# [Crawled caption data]
= = = =

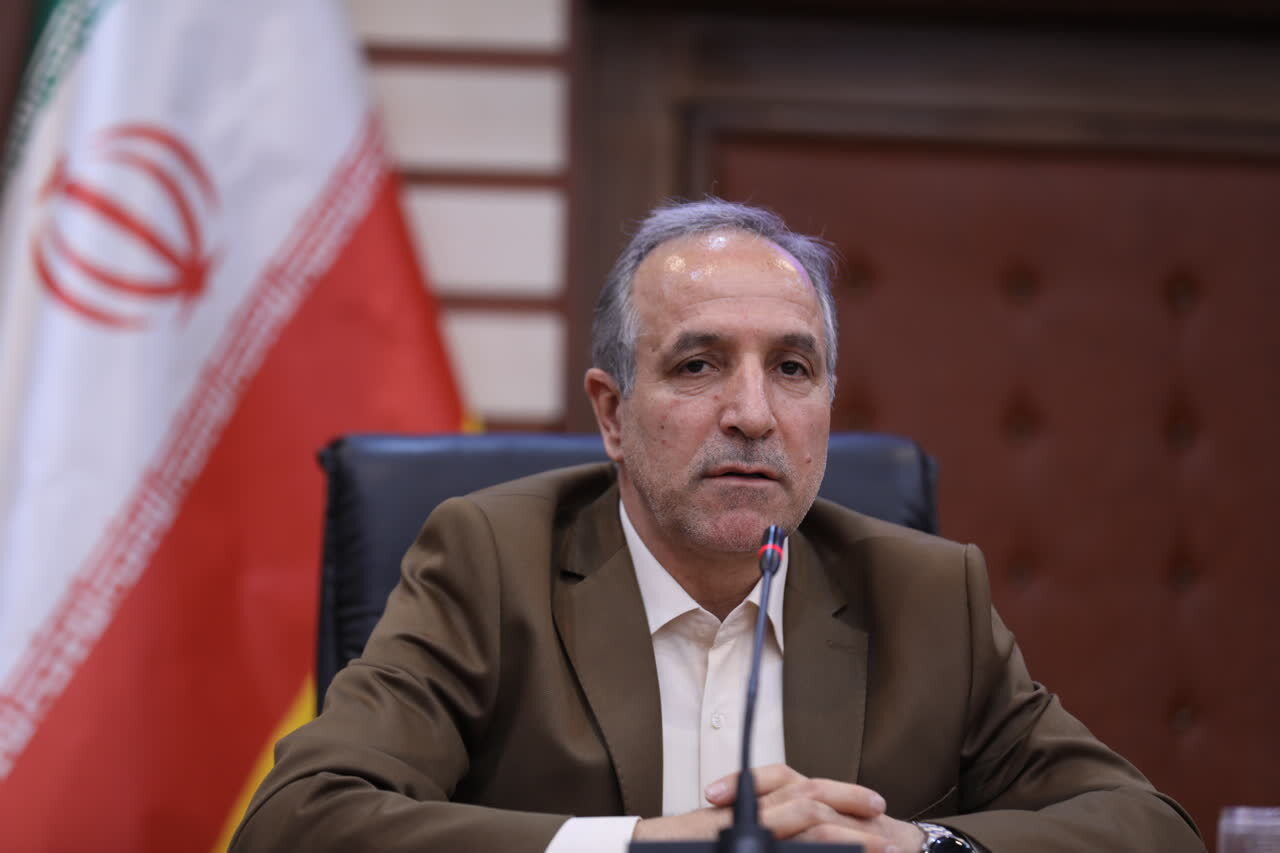 تأمین اعتبارات قانون جوانی جمعیت در دانشگاه فرهنگیان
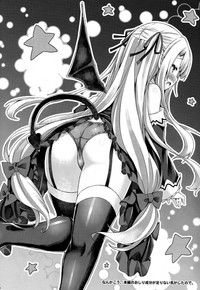 第24页图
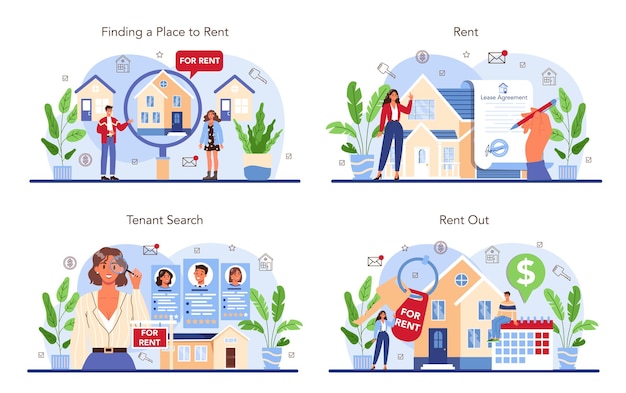 Pomoc prawna dla lokatorów zapewnia ochronę i wsparcie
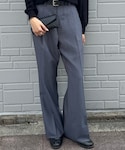 MAATEE&SONS(マーティーアンドサンズ)の「パンツ(スラックス)」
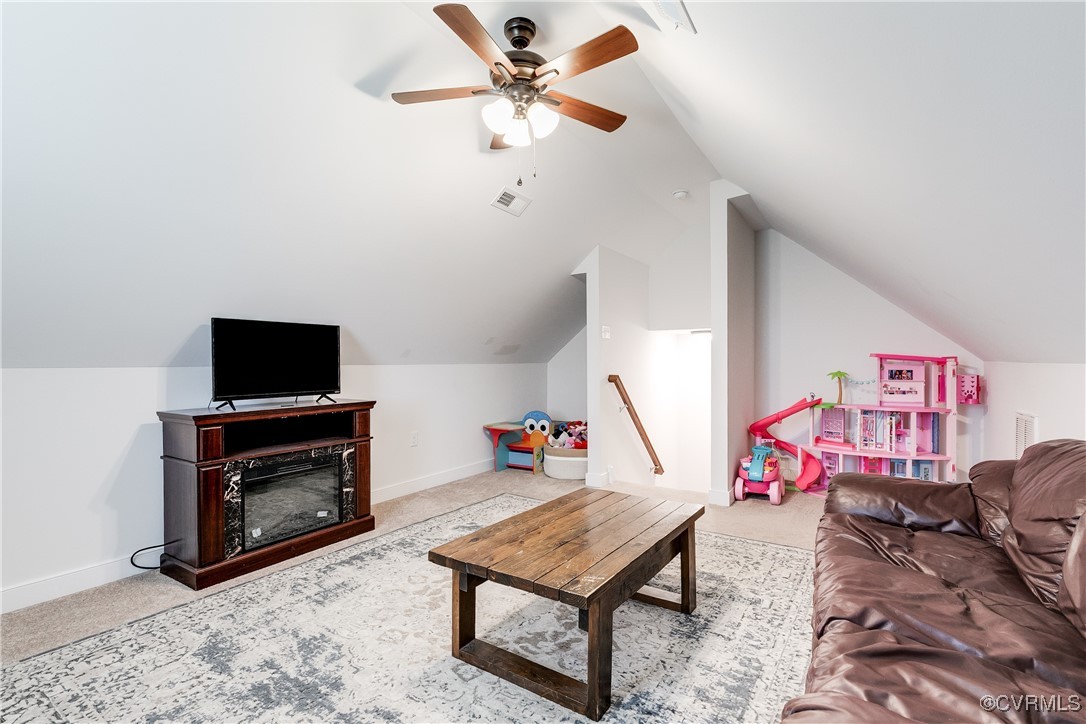 7530 Olivet Church Road New Kent, VA 23124 - Photo 24 of 32 Gallery Image 24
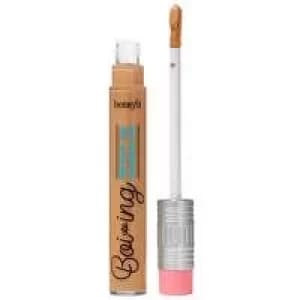 benefit Boi-ing Bright On Concealer Almond 5ml
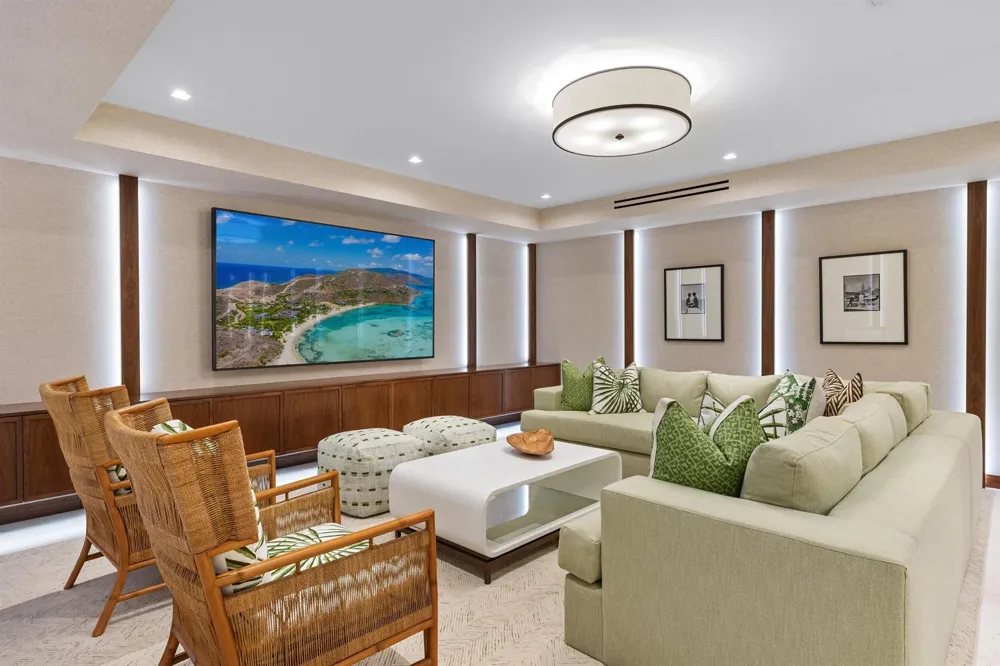 1540 S Ocean Boulevard Palm Beach, FL 33480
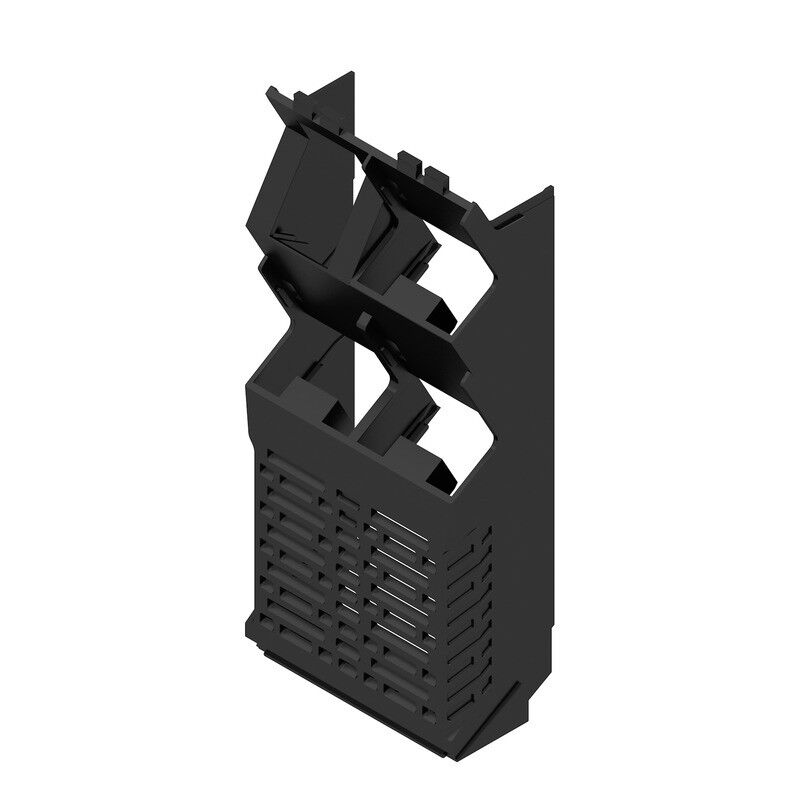 Seitenelement IP20 CH20M45 S#1500040000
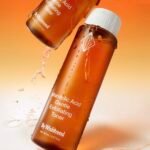 By Wishtrend - Mandelic Acid 5% Skin Prep Water :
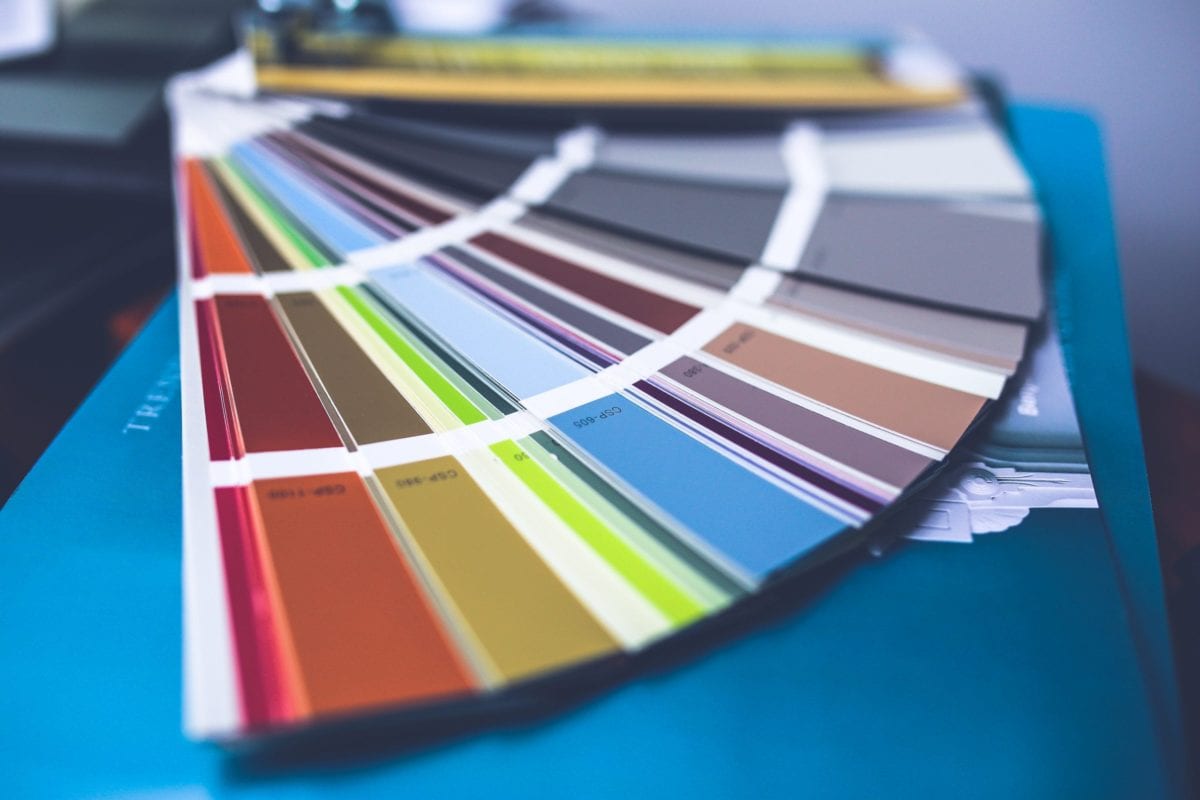 garage-door-colour-image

= = = =

# [What you are asked to do]
Only the text of the records is to be reproduced exactly; skip the pictures.

# [Task response]
 تأمین اعتبارات قانون جوانی جمعیت در دانشگاه فرهنگیان
 第24页图
 Pomoc prawna dla lokatorów zapewnia ochronę i wsparcie
 MAATEE&SONS(マーティーアンドサンズ)の「パンツ(スラックス)」
 7530 Olivet Church Road New Kent, VA 23124 - Photo 24 of 32 Gallery Image 24
 benefit Boi-ing Bright On Concealer Almond 5ml
 1540 S Ocean Boulevard Palm Beach, FL 33480
 Seitenelement IP20 CH20M45 S#1500040000
 By Wishtrend - Mandelic Acid 5% Skin Prep Water :
 garage-door-colour-image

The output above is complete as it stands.